УРОКИ СЕЛЬСКОГО РЫБОЛОВА

Часть 1

Летом 1961 года мы вчетвером, трое из которых были заядлыми рыболовами, предприняли поездку в легендарный рыбацкий край – на берега реки Урал, в северо-западную часть Казахстана. Соблазнили нас на эту поездку выпускники Уральского педагогического института Борис и Михаил, направленные на работу в наш институт, с которыми мы вскоре подружились.

У Михаила в приуральском селе Кушум проживала тетка со своим гражданским мужем, инвалидом Великой Отечественной войны по зрению, носившим «сплошное» русское имя – Иван Иванович Иванов. Тот был заядлым рыбаком, непрерывно пропадавшим на рыбалке. Свой обычно богатый улов он приносил хозяйке – великой мастерице приготавливать из рыбы различные деликатесы наподобие балыков, которые она продавала в городе, пополняя скромный семейный бюджет.

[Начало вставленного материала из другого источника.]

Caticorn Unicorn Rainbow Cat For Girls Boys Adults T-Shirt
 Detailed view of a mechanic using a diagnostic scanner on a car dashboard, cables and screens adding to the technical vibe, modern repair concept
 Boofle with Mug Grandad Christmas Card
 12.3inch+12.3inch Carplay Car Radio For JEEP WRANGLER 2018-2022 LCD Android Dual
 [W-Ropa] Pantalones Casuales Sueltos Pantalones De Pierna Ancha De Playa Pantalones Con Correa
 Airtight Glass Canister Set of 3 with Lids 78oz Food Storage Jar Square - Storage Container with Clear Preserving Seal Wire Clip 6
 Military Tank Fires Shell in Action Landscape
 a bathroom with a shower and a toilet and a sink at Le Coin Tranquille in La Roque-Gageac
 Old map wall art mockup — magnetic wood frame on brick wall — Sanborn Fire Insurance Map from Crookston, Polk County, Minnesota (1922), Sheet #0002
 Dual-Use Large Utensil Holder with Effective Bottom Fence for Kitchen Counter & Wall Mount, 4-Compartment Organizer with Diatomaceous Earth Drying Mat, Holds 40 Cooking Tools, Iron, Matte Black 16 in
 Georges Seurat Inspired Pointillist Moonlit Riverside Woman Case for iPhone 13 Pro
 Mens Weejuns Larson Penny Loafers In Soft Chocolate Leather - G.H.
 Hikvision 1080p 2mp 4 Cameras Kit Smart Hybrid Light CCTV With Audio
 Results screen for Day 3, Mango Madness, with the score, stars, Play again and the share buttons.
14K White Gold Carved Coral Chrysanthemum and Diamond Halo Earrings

По рассказам Михаила, Кушум отличался разнообразием водоемов, богатых рыбой. Помимо Урала, через село проходил так называемый Кушумский канал, впадавший в соединявшуюся с Уралом реку Чаган, и кроме того, существовало несколько больших пойменных озер. Иван Иванович пользовался в селе заслуженной репутацией лучшего рыбака, и именно к нему предлагал нам обратиться Михаил, обещая снабдить рекомендательным письмом.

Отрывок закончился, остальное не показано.